Basic concepts in Linear Algebra

Scalar

A scalar is a single number.

In linear algebra, when referring to a scalar, we denote it with lowercase letters and describe which set the scalar belongs to. For example, $s \in \mathbf{R}$ indicates that $s$ is a real number, or $n \in \mathbf{N}$ indicates that $n$ is a natural number.

Vector

A vector is an array of numbers.

The numbers are arranged in a specific order, and we can use indices to access each number in the vector.

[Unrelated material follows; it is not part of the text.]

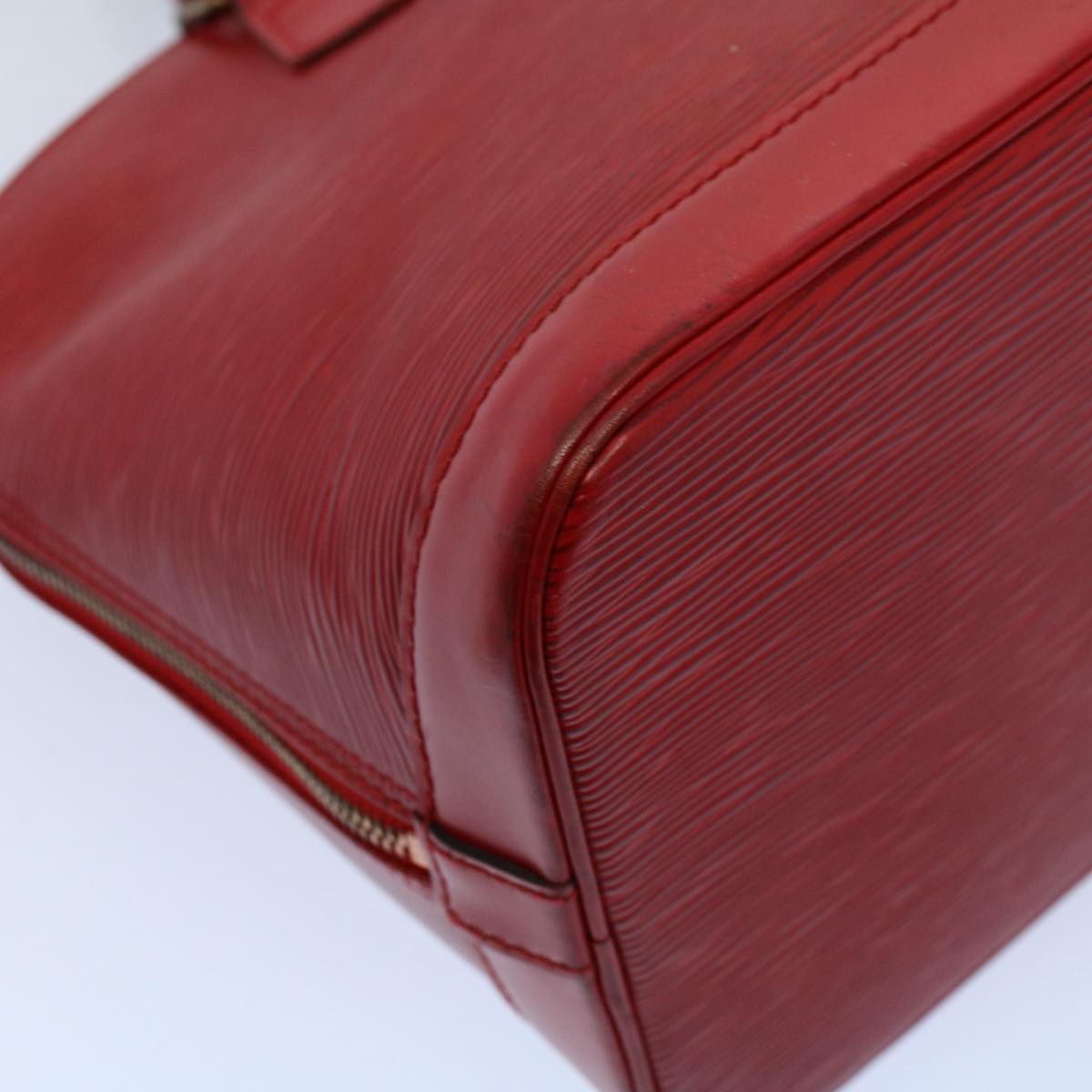 LOUIS VUITTON Epi Alma Hand Bag Castilian Red M52147 LV 55355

For example, $x_1$, $x_2$ respectively denote the first and second elements in the vector $\mathbb{x}$. Vectors are denoted by lowercase bold letters, such as $\mathbb{x}$. The elements in a vector are written in italic and accompanied by ordinal numbers, such as $x_1$, $x_2$.

When referring to a vector, we also need to know the type of values stored in it. If vector $\mathbb{x}$ has $n$ elements belonging to the set of real numbers $\mathbf{R}$, then vector $\mathbb{x} \in \mathbf{R}^n$. $\mathbf{R}^n$ is a vector space.

For example, $$ \mathbb{x} = \begin{bmatrix} 1 \\ 2 \\ 3 \end{bmatrix} $$

$\mathbb{x}$ has 3 elements, so $\mathbb{x} \in \mathbf{R}^3$.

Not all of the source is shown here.